What Ed says is very true, although less so now. Most microcontroller work is really bit-specific, and for most of my career in embedded work, I never even bothered with C. Pure assembler is plenty, because you never have more overhead or syntax than you need. Nowdays, the chips that have grown up from micros, such as the ARM, XScale, AVR and whatnot, are both word-oriented and have much more available RAM. Much more often these days, one drops in a SBC with a whole PC or ARM, and one can expect to have a minimum of 64K and usually a gob of FLASH. Even the 8051 variants now have a gob of FLASH.

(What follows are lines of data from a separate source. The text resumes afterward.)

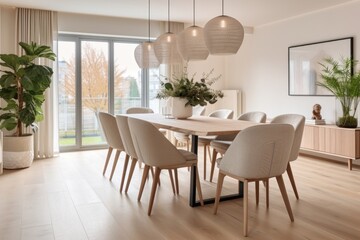 Interior design of dining room chair table architecture.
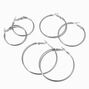 Silver Graduated Hinge Hoop Earrings - 3 Pack,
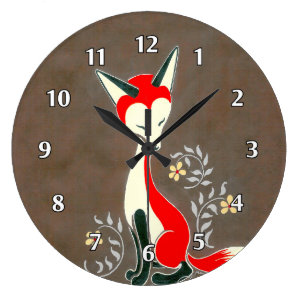Cute Modern Artsy Fox Painting Large Clock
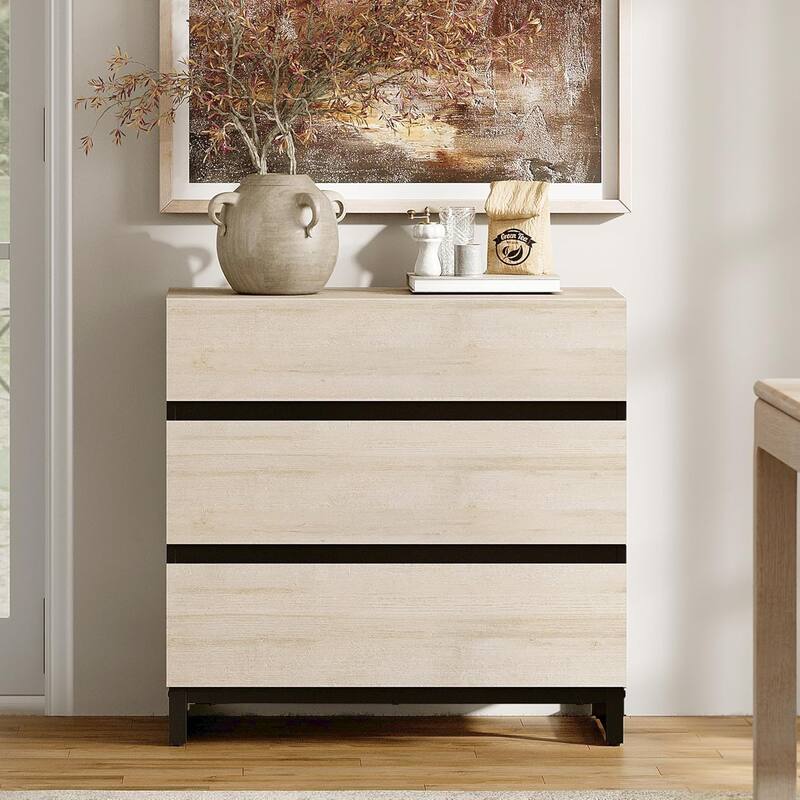 WAMPAT Dresser for Bedroom, Closet Organizers and Storage with 6 Drawers,Chest of Drawers with Metal Base - Light Oak - 3-drawer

All that said, I, too, would like to have something more than assembler. Something with the scheduler core of an OS, the stack handling and extensibility of FORTH, and built-in data types and I/O routines. Say what you will about BASIC, but PRINT is a heckofalot easier to grasp than:
MOV DPTR, #MYSTRING PLOOP: MOVX A, @DPTR JZ DONE MOV #PPORT, A INC DPTR JMP PLOOP DONE:
The catch to languages in micros is that languages are compiled with assumptions about hardware configuration. The only reason BASIC Stamps et al can exist is that they pretty much assume that certain hardware will always be available. In the AH BASIC, for example, the on-chip serial port was always the console. If you added another serial chip, you had to roll your own access routines.

Should you decide to proceed, there are ways to target microcontroller targets with GCC. You need to really study the micro's architecture to configure your compiler, but it can be done.